With the exception of the opening strip, Eisner skates around the art, producing the occasional splash page and laying the strips out for John Spranger to pencil. He imitates the Eisner style, but is less cultured overall, prone to exaggeration. This, though, is being really picky in the light of what would follow when Eisner would resume pencilling (Spirit Archives 14) as Spranger’s Spirit looks better overall than when drawn by the far more highly regarded Lou Fine in Archives 11. If Eisner’s not inking, it’s handled by Bob Palmer, later a successful cartoonist, but then just starting out. As it consists largely of the streets and buildings Palmer would ink, the cover to this volume is his, the only Spirit splash page he drew.

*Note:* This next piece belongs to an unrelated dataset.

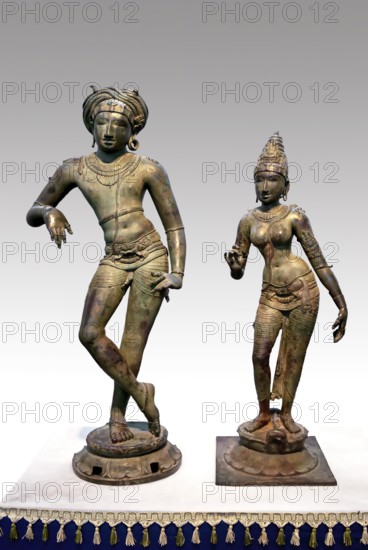 Cut out, 10 to 11th century Rishbandhigar, Thiruvangadu. 10 to 12th century Parvathi Thiruvangadu,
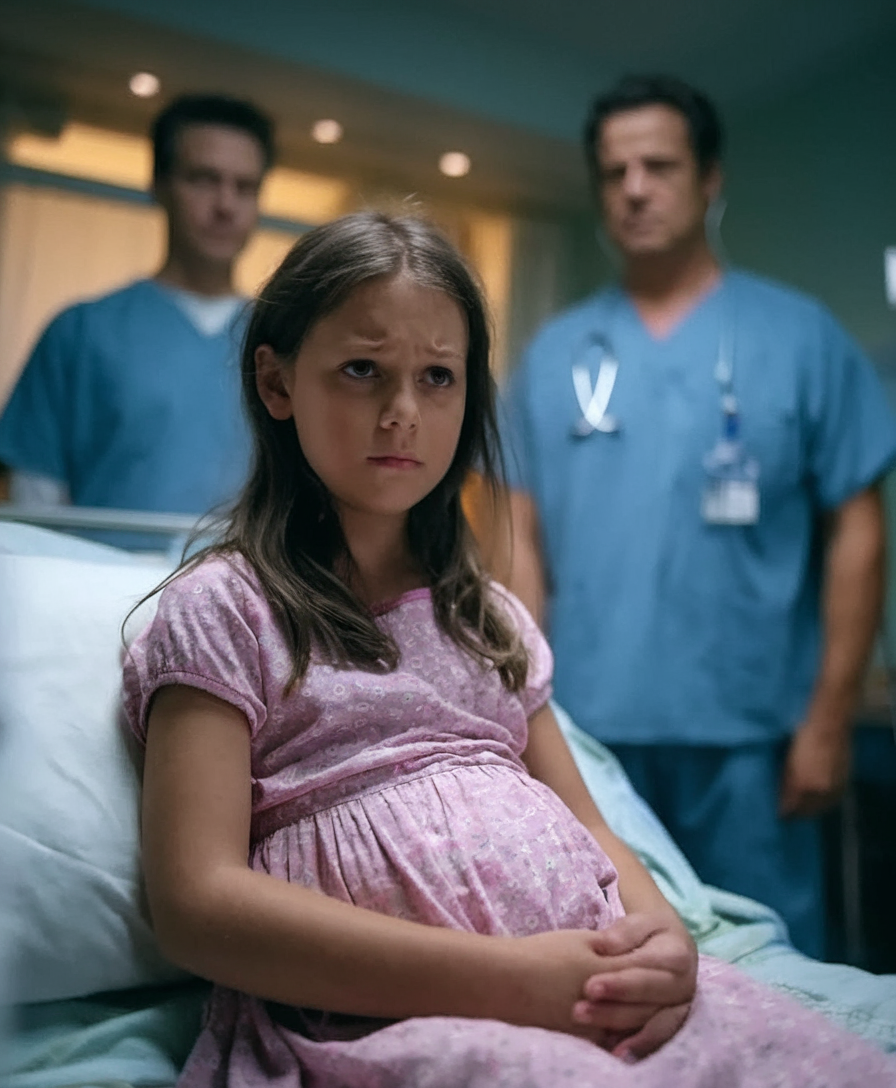 A 12-year-old girl with a big belly was brought to the hospital, When doctors realized what was inside, they were sh0cked!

The story it leads into, ‘The Last Trolley’, is one of the best in the book, with a white collar criminal trapped in a carriage with the hardened gangsters he snitched up. It toys with reader expectation while delivering a fine mood and tension.

Eisner’s resumption of control of the strip is indicated by signs of minor tweaking throughout, and one major restoration, the reintroduction of the human drama that had all-but been forced out. He felt the readership needed the Spirit’s origin repeated, and Ebony leaves temporarily in order to improve his diction. His replacement, an Eskimo named Blubber was only marginally further up the scale of dignified portrayal artistically, although was granted an erudite speech pattern. Despite the reason for Ebony’s departure his speech patterns show no change on his return.

A matter Eisner didn’t immediately identify as requiring attention was the introduction of more glamour to the strip. However attractively she was drawn, Ellen Dolan was the girl next door, and Eisner’s first attempt at adding a greater allure, Nylon Rose, was a little too obvious. He returns former spy Silk Satin, last seen in 1942 (see Archives 5), but she didn’t fit the bill either, and her character was fleshed out by the addition of a daughter.

The Dickensian-looking Carrion and his buzzard Julia are introduced with a fantastic splash page, yet wouldn’t be seen again for six months, as Eisner worked his way through a series of one-shot villains. There’s an early experiment in storytelling with the tale of an atomic bomb, and the occasional piece of narrative whimsy, such as drawing parallels between the life of a fly and a delivery boy. It’s a decent tale, but Eisner would refine his approach and present better alternatives later in the run.

If it wasn’t known that the strip would keep improving, Spirit Archives 12 might be seen as a commendable series of crime stories worthy of serious attention. As it is, they’re a vast improvement on what they followed, but not a patch on what was to come. See Archives 13 for the start of that.